It then occurred to me that I was being a bit of an idiot.  EAN13 is a fixed-width code, so it always contains the exact same number of bits, so if I just found the start and the end, I could divide the total width by the number of bits in the code to get a better bit-width.  Even better, rather than sampling one pixel per bit, why not just take the average luminance across the entire width and then check that *average* against the threshold?  I updated the code and sure enough, I was able to decode the second barcode.  Huzzah, success!



So I’d say that now I have at least a rudimentary library for recognizing and decoding an EAN13 barcode, but it still lacks one critical piece (and several things that would be nice-to-haves).  When you want to recognize a barcode, you have to provide a Y position across which the luminance line is extracted and you have to provide a “threshold” value which the library uses to determine the value of a bit.  A real consumer of this library isn’t going to want to have to provide this information.


Sure, for the Y position we can make an assumption that a horizontal line across the center of the image will be on the barcode (and that’s what I’m doing now) but are there potentially better places to sample?  Would we get better results if we did some sort of vertical averaging?  And what about the threshold?   The two barcodes I was working with had fairly different threshold values that successfully returned a result. 


One of the next steps would be to add code to find the barcode bounds. I’m already finding the left and right, which is simple, but finding the top and bottom would be a bit more of a challenge.  Also I’d need a way to efficiently determine a “best” threshold.  Those will be the tasks for this week (I’ve already done some promising work on bounds finding, which I’ll report in the next blog entry).

Recognizing Barcodes: Take 2

Earlier in the week I was working on a barcode library that successfully recognized a barcode from a picture.  The code was pretty rough, but the first cut worked for the first barcode picture I took so I was pretty satisfied.


I then took another picture from a different book, and of course it failed to decode.  So that meant revisiting the code and the algorithms I was using to try to improve the recognition rate.


Here’s the new barcode:



When I ran it through the luminance algorithm, this is what I got back:



So how do we improve the “recognizability of this thing?  Well the first thing I see is that the useful range, that is the range of threshold values that might yield something meaningful, is pretty small. The threshold is essentially the Y value on the above chart.  If you draw horizontal lines for each y value across the chart, you see that almost the entire bottom half is going to be “black”, meaning low luminance and essentially worthless data.  So if our overall range is 255 (each point is a byte value) then instead of using 0-255 for our useful data, just eyeballing it we’re probably only using about 100-255.
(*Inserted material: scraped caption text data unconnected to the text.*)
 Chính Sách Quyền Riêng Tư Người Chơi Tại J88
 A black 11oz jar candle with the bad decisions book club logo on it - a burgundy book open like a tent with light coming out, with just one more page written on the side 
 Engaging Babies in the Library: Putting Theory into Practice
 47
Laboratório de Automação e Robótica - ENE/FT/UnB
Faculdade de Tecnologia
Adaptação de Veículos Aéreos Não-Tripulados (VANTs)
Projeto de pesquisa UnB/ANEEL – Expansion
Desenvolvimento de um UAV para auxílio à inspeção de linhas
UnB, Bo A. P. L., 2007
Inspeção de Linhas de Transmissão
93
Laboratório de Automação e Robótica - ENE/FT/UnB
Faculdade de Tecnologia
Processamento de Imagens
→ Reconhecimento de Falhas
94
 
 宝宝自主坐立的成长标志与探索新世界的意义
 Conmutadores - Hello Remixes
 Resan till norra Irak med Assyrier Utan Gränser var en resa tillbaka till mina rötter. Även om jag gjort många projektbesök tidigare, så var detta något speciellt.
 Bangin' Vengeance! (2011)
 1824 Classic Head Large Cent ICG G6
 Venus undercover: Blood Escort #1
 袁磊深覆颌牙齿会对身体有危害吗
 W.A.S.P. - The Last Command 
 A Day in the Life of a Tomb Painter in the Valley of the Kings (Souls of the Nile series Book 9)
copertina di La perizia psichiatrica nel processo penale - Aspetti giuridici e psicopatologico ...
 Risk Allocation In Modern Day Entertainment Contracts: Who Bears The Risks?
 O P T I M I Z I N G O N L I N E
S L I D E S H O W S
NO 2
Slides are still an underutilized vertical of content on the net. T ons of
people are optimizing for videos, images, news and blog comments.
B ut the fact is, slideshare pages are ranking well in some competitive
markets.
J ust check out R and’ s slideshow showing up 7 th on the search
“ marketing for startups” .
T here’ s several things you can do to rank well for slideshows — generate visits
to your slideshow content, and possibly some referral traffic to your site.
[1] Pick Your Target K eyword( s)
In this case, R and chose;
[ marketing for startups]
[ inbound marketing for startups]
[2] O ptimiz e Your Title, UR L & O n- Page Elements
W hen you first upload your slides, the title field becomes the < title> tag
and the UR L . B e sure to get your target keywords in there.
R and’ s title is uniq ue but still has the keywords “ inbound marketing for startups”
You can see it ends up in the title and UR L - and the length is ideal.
My next step was to “scale” all of the values.  Basically subtract off the actual range of values (the difference from the minimum and maximums across the range) and then each by a factor to spread that new range across the 0-255 set.  Graphically the newly ranged data looks like this:



This is much better, but it’s still got a whole lot of ugly “noise” at the transitions between bars and spaces.  These are the long but thin peaks and valleys you see at the edges of the apparent data bits.  I decided that I’d decrease that effect by doing a “nearest neighbor” average across the data.  What this means is that instead of using the raw luminance value of each pixel, I’d use the average of each pixel along with the ones just to the left and right of it.  Running that algorithm yields a luminance graph that looks like this:



It looks much, much better – at least visually.  I ran it through the existing recognizer algorithm, and while it got further into it – actually pulling a few digits out – it still failed to recognize.  It seems that I have a better filtering algorithm, but my decoding algorithm is still a bit lacking.  We’ll look at what I did to address that in the next article.

Recognizing Barcodes

Earlier this week Nick Randolph asked me if I knew of any .NET barcode recognition software.  Not an SDK for an existing laser scanner, but something that might take a picture of a barcode and decode it. 


Early on in my development career I dealt with barcode scanners and I’ve always found the technology to be fairly interesting.  I remembered some work Casey Chesnut had done quite some time ago on barcode recognition that I had always wanted to spend a little time playing building off of.  Of course Casey didn’t provide any code, but that’s fine – I’d rather attack this as a pure mental exercise for myself. 


I actually decided to attack the problem a little differently than Casey.  I knew that doing a decode of a “pure” clean barcode would be easy and not a realistic scenario anyway, so I didn’t even bother working on code to do it.  I knew I was going to be able to do the decoding algorithm part – that’s simply turning bits into text and anyone can do that given the algorithm.  The challenge, and fun, is in extracting the binary data bits from an “analog” picture.  I’m saying “digital” and “analog” here in that an ideal barcode bit is either black or white, on or off, a picture (even a digital picture) is not going to be so clear.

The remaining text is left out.